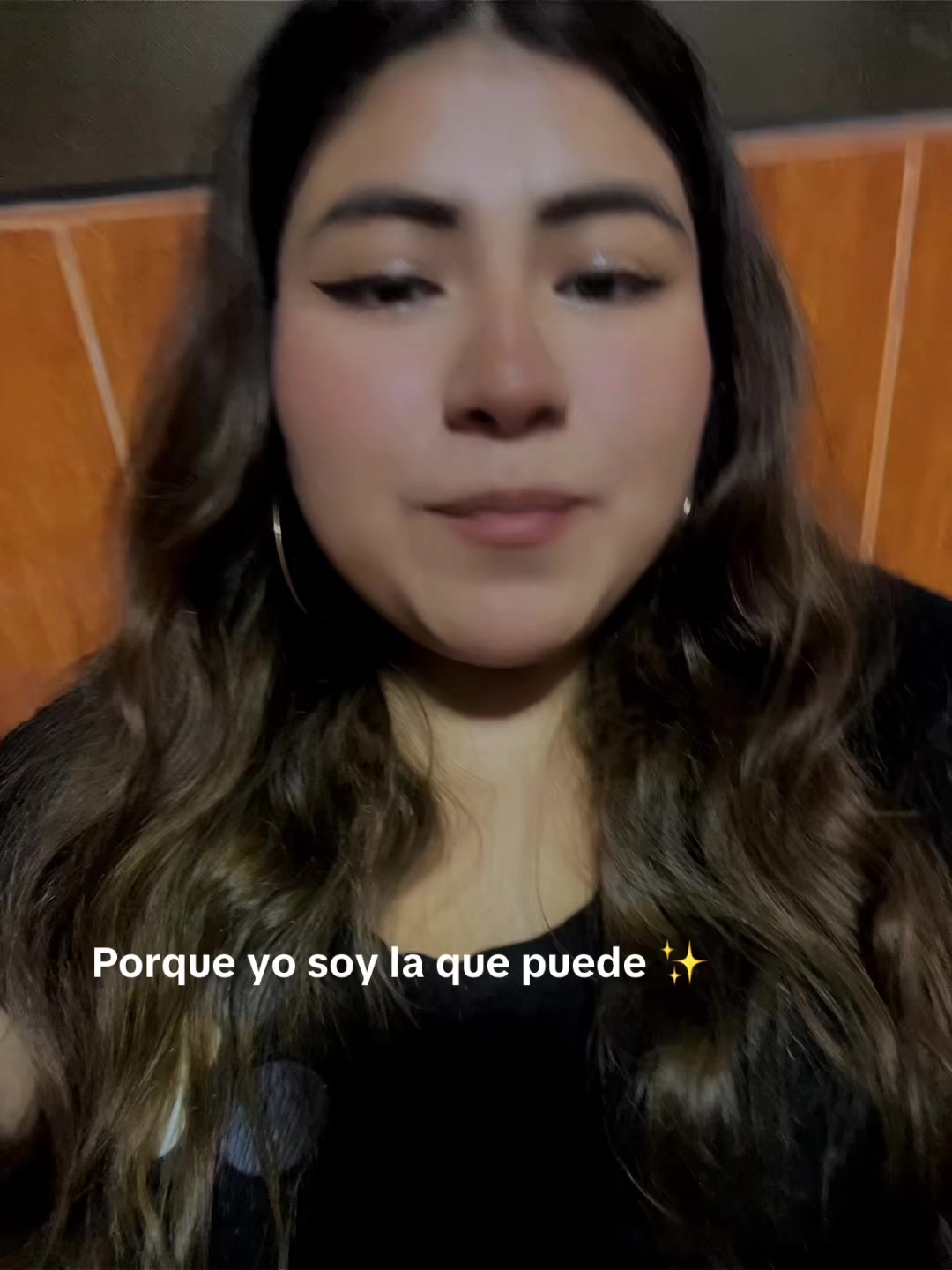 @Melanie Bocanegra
******
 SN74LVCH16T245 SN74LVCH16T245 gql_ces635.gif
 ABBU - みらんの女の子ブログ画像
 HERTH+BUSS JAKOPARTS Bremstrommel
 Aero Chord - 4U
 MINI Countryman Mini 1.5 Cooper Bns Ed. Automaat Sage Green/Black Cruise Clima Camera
******
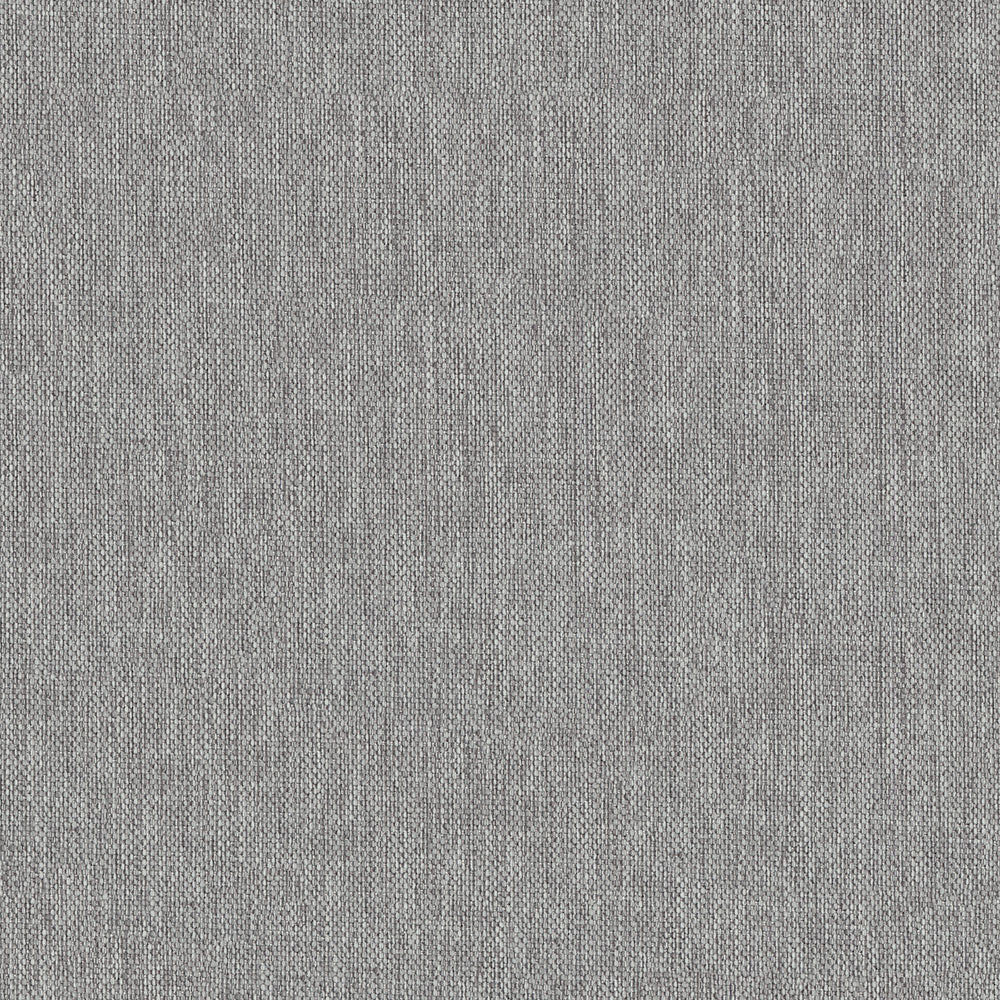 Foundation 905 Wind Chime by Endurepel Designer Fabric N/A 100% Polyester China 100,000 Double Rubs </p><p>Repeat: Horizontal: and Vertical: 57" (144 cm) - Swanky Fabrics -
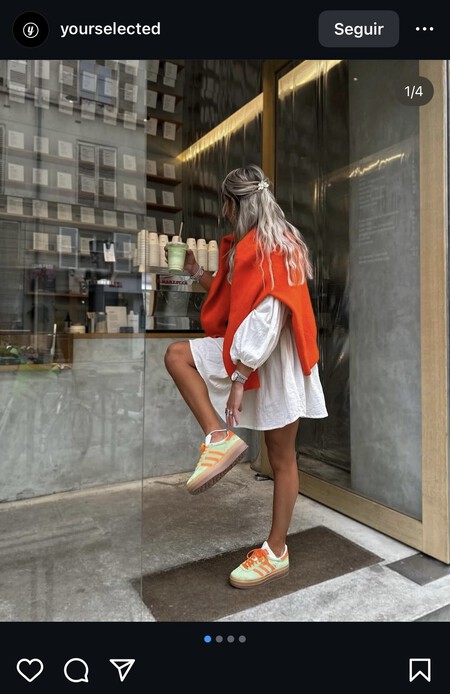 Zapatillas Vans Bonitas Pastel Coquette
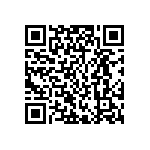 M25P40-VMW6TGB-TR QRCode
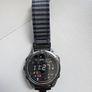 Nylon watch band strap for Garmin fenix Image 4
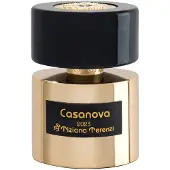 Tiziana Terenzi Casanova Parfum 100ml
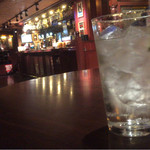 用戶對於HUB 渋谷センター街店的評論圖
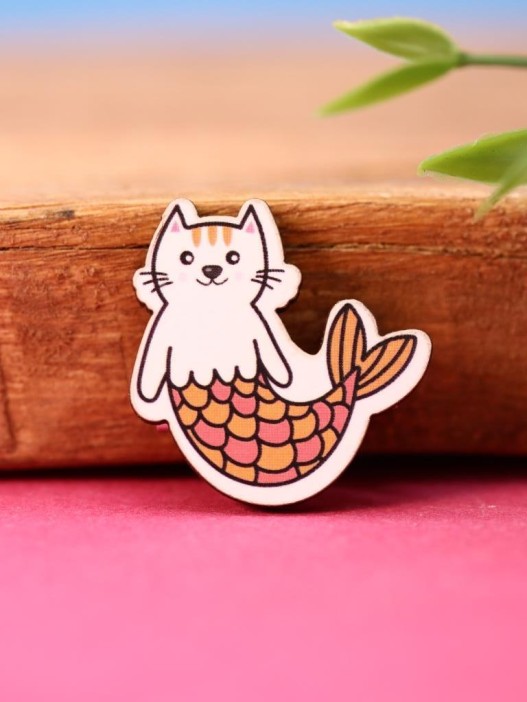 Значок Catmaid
******
Above are the records. Print exactly, and only, the lines from the line with "HERTH+BUSS JAKOPARTS Bremstrommel" to the line with "MINI Countryman Mini", both inclusive.

 HERTH+BUSS JAKOPARTS Bremstrommel
 Aero Chord - 4U
 MINI Countryman Mini 1.5 Cooper Bns Ed. Automaat Sage Green/Black Cruise Clima Camera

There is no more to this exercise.